Source data =
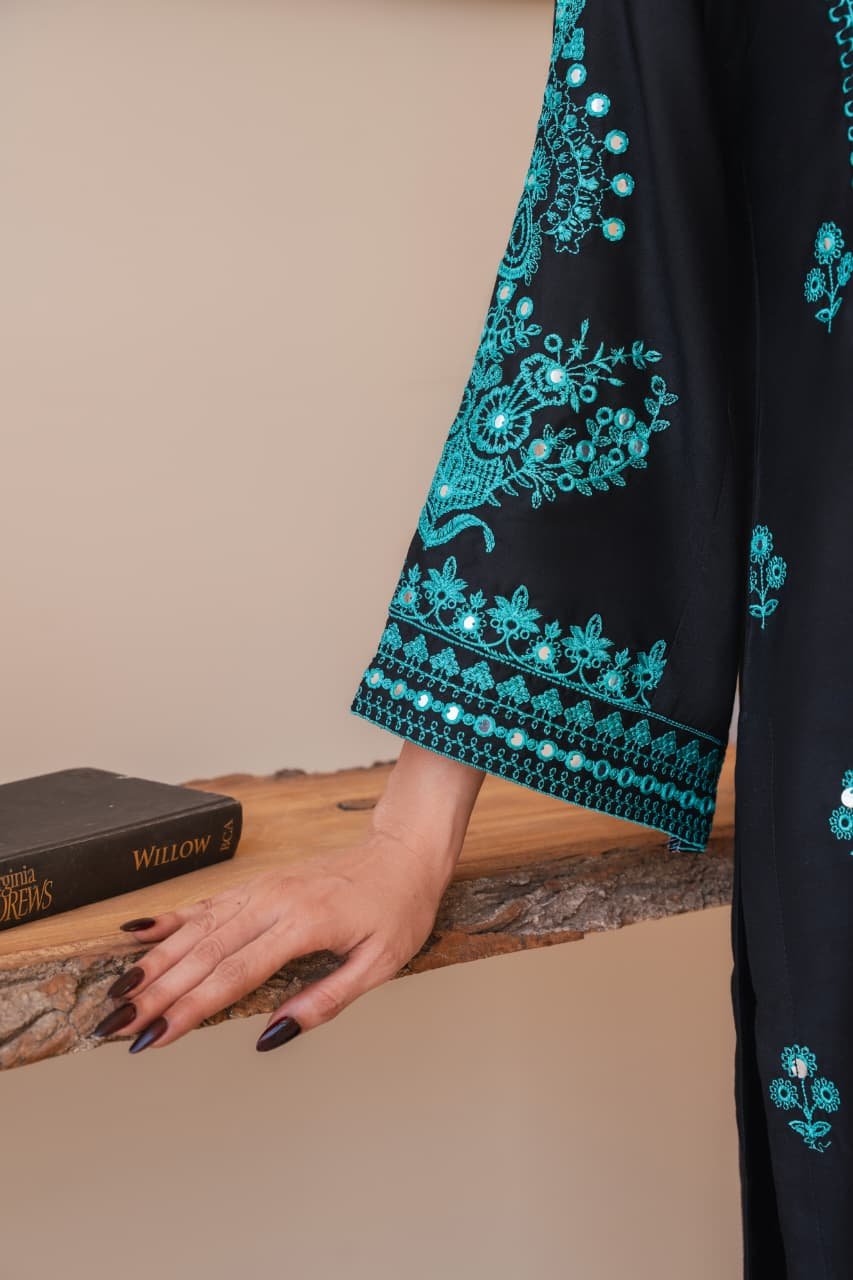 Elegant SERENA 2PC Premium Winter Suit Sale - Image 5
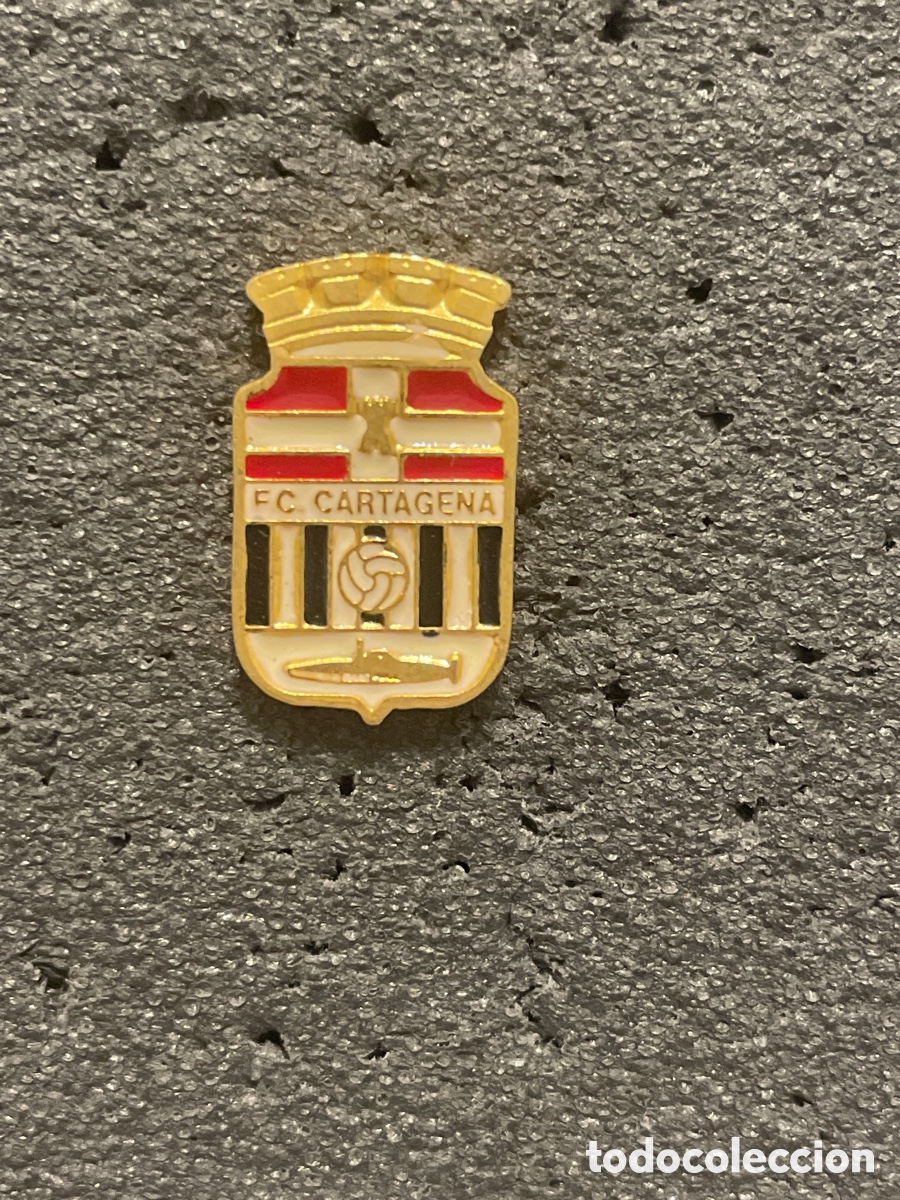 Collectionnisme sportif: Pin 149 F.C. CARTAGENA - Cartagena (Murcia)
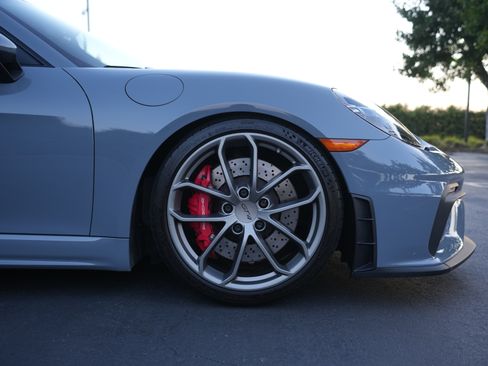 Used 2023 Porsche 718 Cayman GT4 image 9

...

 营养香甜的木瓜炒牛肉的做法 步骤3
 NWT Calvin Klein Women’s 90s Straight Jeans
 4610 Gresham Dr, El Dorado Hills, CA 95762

To do =
Output the lines above exactly, but only those between the line holding "营养香甜的木瓜炒牛肉的做法 步骤3" and the line holding "4610 Gresham Dr, El Dorado Hills, CA 95762", inclusive.

Result of the exercise =
 营养香甜的木瓜炒牛肉的做法 步骤3
 NWT Calvin Klein Women’s 90s Straight Jeans
 4610 Gresham Dr, El Dorado Hills, CA 95762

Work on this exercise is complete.